Lastly, I think it’s simplistic to call these WGCs 2.0. It’s not creating an entirely new product out of thin air like Tim Finchem’s WGC experiment. It’s re-formatting (significantly so I admit) existing events, most of which have strong decades-long identities, and injecting them with guaranteed all-star fields. There’s also, as we’ve been told, the possibility of rotation — so your Phoenix Open can be the “open” 130-man event one year or designated the next and the party remains for both, or the Scottish and other international events can get in the mix. WGCs were a forceful attempt to create an identity-less new product. They also weren’t the total failure or bore we tend to associate them with at the end. I think designating an event with a decades-long history is lamentable for purists, but it’s not a WGC 2.0. This feels much more flexible than that concept and also building upon years of demonstrated cachet at core Tour stops.
What I like: I love the cadence of these events. This year’s schedule doesn’t make much sense. Right now we are in a stretch of five designated events in seven weeks. Next year’s move of two designated events followed by three non-designated will allow fans to know what to expect. Along the same lines, I love giving players who play great in those three non-designated events spots in the next two designated fields. That makes a ton of sense.
What I hate: No cut and small fields. Golf is a slow sport, the drama unfolds over FOUR days. Most sports are a couple of hours. When you remove the cut, you remove one of the two big stories of the first two days of the tournament: who’s playing well and who’s in danger of missing the cut. There are a myriad of issues with the small field size. My biggest one is that it will lead to more sleepy Sundays. When you remove players from the mix, you increase the odds of a runaway winner. The tournaments that everyone remembers have iconic finishes between two or more contenders. Fewer players make this less likely to happen.
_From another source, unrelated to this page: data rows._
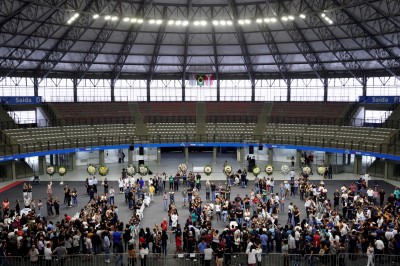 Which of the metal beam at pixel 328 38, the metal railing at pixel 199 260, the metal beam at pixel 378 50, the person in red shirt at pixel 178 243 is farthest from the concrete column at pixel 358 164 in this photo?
the person in red shirt at pixel 178 243

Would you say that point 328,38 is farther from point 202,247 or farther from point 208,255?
point 208,255

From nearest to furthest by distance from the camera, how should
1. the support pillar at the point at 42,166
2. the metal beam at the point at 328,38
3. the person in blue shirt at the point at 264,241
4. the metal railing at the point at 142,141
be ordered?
the person in blue shirt at the point at 264,241 → the metal beam at the point at 328,38 → the metal railing at the point at 142,141 → the support pillar at the point at 42,166

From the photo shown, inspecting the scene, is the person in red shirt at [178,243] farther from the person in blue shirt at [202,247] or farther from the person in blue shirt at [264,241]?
the person in blue shirt at [264,241]

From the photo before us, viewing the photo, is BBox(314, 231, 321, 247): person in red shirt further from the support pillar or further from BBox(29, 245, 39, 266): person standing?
the support pillar

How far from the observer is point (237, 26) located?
150 ft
In a black-and-white world where I have to choose whether this proposal is good or bad, I’d say bad. But in the real world, I’m floating somewhere in the middle right now. Keeping the fields to 70 or 80 players doesn’t really eliminate anyone notable. Guys like Nick Taylor may not get a chance to play in the final group of the WM Phoenix Open, but another under-the-radar guy might, and they might be in better form if they’re in the top 10 of the otherwise not qualified players in the current season FedEx Cup standings. If you remove Taylor from the final group of the 2023 WMPO, we instead have a final pairing of Scottie Scheffler and Jon Rahm or a threesome of Rahm, Scheffler, and Jordan Spieth. Feels like a tradeoff the PGA Tour is more than willing to accept. All that said, I do wish there was a slightly bigger field to accommodate more up-and-coming talent. The hope seems to be that those guys will be among the 10 not otherwise qualified but that seems like somewhat of a risk.
I do wish that there was some cut element, even if those guys get paid for showing up. They’re rarely shown in TV windows anyway and I don’t believe you should receive any credit towards the FedEx Cup for a 70th place finish in a no-cut event.
The superstar element of the small fields does close-to-guarantee stellar final groups every Sunday. That may lead to some runaway winners, as Andy noted, but I’m okay with that. It could create some sleepy Sundays to be sure, but if someone is head and shoulders above a field in a given week and wins by five, that’s fine. Not everything can be about the television product.